La estupidez
Cuando leo las gilipolleces que comparte la gente de cuentas con centenares de miles de seguidores —frasecitas tontas y consejos de vida para patanes, necios y cretinos (no pocos con carrera universitaria, lo cual no es de sorprender: la verdadera cultura lleva años y años de aprendizaje y no es monotemática), muchos de esos consejos atribuidos a personajes de mayor o menor interés—, me alegro de que Nekzisto no se venda y espero que cuando me decida y publique Oscuro siga el mismo camino de desconocimiento (me tienta mucho, demasiado, no publicar Oscuro, pero con ello no cumpliría el fin que me motivó a escribirlo: una dedicatoria necesita un libro que dedicar).

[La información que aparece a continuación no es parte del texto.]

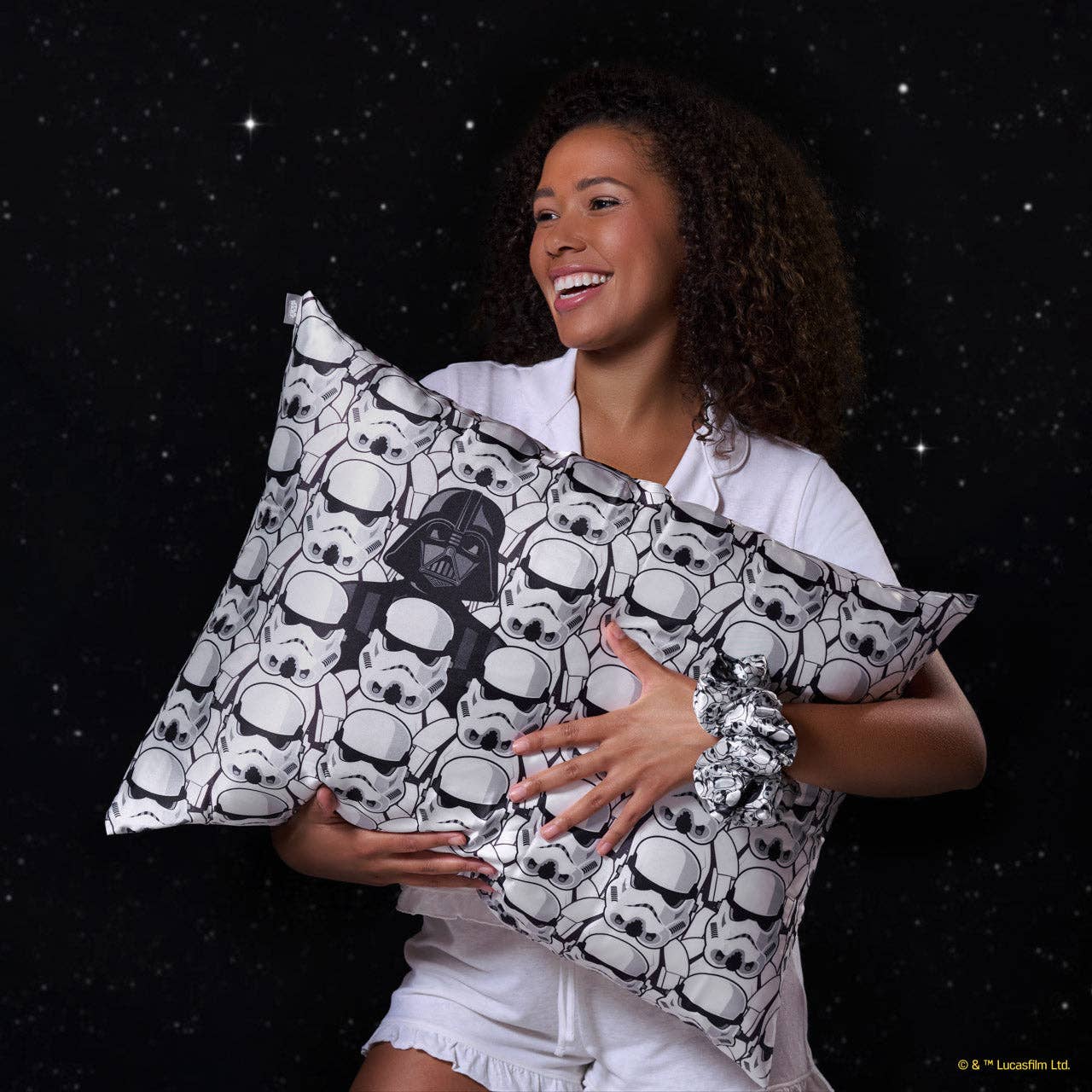 Star Wars™ & Kitsch Satin Pillowcase in Darth Vader & Stormtroopers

Me alegra sentirme fuera de tanta imbecilidad, prefiero ser desconocido, estar fuera de la corriente que mueve a esa mayoría; aunque, quizá, más prefería mi feliz ignorancia de juventud. Con lo que me gusta la gente, y cuánto me desagradan tantas personas que deciden ser unos ignorantes (será que así tienen lo que tenía yo en mi juventud; ¿pero cómo podrían saberlo?, simplemente decidieron ser lo que son).
Si eres de esos y tienes propósito de enmienda, podrías empezar por no usar la palabra super para construir adjetivos superlativos: así solo demuestras tu incultura y tu pobreza de lenguaje.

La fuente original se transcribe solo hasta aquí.